EDS and Opsware on Tuesday here unveiled a proposed standard that officials said will help fuel the growth toward utility computing in the data center.
The two companies are leading the development of the Data Center Markup Language, or DCML, which is designed to provide a common language to describe the resources within a data center and how the data center is built. The benefits will be an easier way to provision servers, roll out applications and run data centers, said Marc Andreessen, chairman and co-founder of Opsware.
"Data centers are dealing with an onslaught of new technologies," Andreessen told more than four dozen people gathered here for the launch event. Where data centers were once the domain of mainframes and large Unix servers, they now also house Intel Corp.-based servers running Linux and Java.
"That represents a new problem—just an enormous amount of stuff." Whats needed, he said, is a common standard that can tie together these disparate technologies and enable them to talk with each other and that can describe whats in a data center. If the technologies can easily talk to each other, then IT administrators will have a more flexible and agile infrastructure, he said.
If there is a common way to describe data center resources, then servers will be easier to provision and deploy, and new technology will be less difficult to introduce into the environment. "This will lead us down the path where data centers are going to be much more open to innovation, much more open to new technology," Andreessen said.
Jeff Heller, president and chief operating officer of EDS, said his company has been working with Opsware for about a year, with DCML being an initial result. EDS and Opsware are joining Computer Associates International Inc. as governing members of the DCML Organization. Another two dozen vendors are either founding or general members.
Andreessen said he expects the XML-based standard to be completed by early 2004, with commercial products featuring DCML support being rolled out throughout the year. Opsware, he said, will unveil DCML-compliant software early next year.
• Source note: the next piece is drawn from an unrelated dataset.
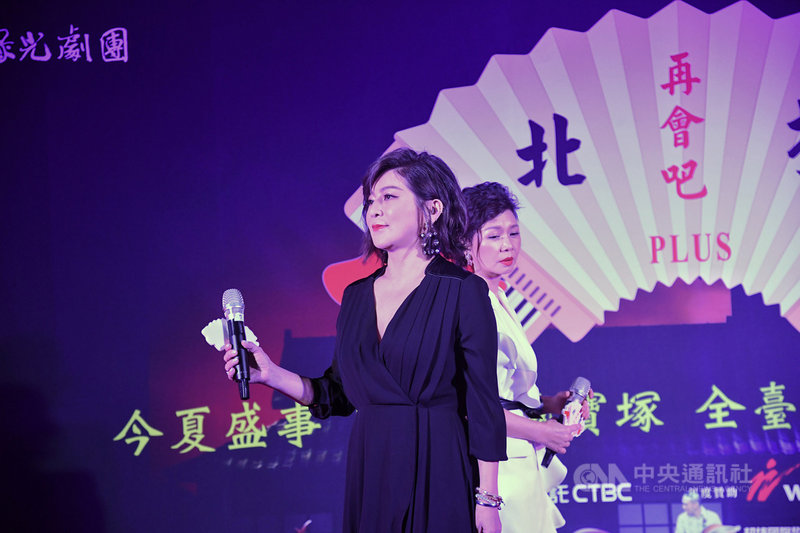 綠光劇團經典音樂劇「再會吧北投」PLUS將再度上演,劇團25日在台北舉行記者會,宣布將加開台北場2場。圖為演員王彩樺(左)、于子育(右)。中央社記者王飛華攝 108年6月25日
Tim Howes, chief technology officer for Opsware, said he expects DCML to be submitted to a major standards body in 2004. In addition, DCML will be an open source standard, with the standards reference implementation and reference description all being openly available.
One of the key things such a standard will provide IT administrators is an easier path to "best of breed" computing. Currently, most of the major players—including IBM, Sun Micro-systems Inc. and, to a lesser extent, Hewlett-Packard Co., all of whom have their own utility computing initiatives underway—are telling customers that the best way to ensure integration among data center resources is by buying everything from a single vendor, Andreessen said. However, if there is a common standard that can bridge multiple vendor offerings, it opens up the opportunity to more easily integrate disparate products, he said.
"We think that kind of pitch [to buy everything from a single vendor] only makes sense when theres no standards," he said. "We think that with DCML, there is the opportunity to say no to lock-in." Andreessen and Heller also predicted that as customer demand grows, the larger vendors will begin to adopt the standard.
"Its our belief that many of these major vendors, though slow to adopt standards, will be [pushed] by the customer," Heller said.
And Vivek Ranadive, chairman and CEO of TIBCO, said those customers will push. Of the 2,000 TIBCO users, "the number one priority facing all of these people is integration. This is particularly true in the data center."
Another key trend that DCML will address will be a scale-out environment. Many enterprises are beginning to migrate away from larger Unix-based systems to smaller Intel-based servers running Linux, Andreessen said. While that means cost savings, it also will mean a larger number of servers that need to be provisioned and monitored. Having a standard like DCML will make handling all those servers easier, he said.
Donna Scott, an analyst with Gartner Inc., said utility computing, or what Gartner calls real-time infrastructures, is going to grow because the cost savings are so great, and because of the crucial role technology plays in the overall operation of a business. "Business is not just dependent IT; IT is a must-have," Scott said.
"Many times IT is the business policy." Savings to enterprises as they migrate to a more automated utility computing infrastructure can range from 7 percent to 16 percent in hardware costs and 41 percent to 65 percent in technical expenses, she said. "Standards are difficult to achieve," Scott said. "They tend to take a very long time to come to fruition." However, the benefits to end users are substantial, she added.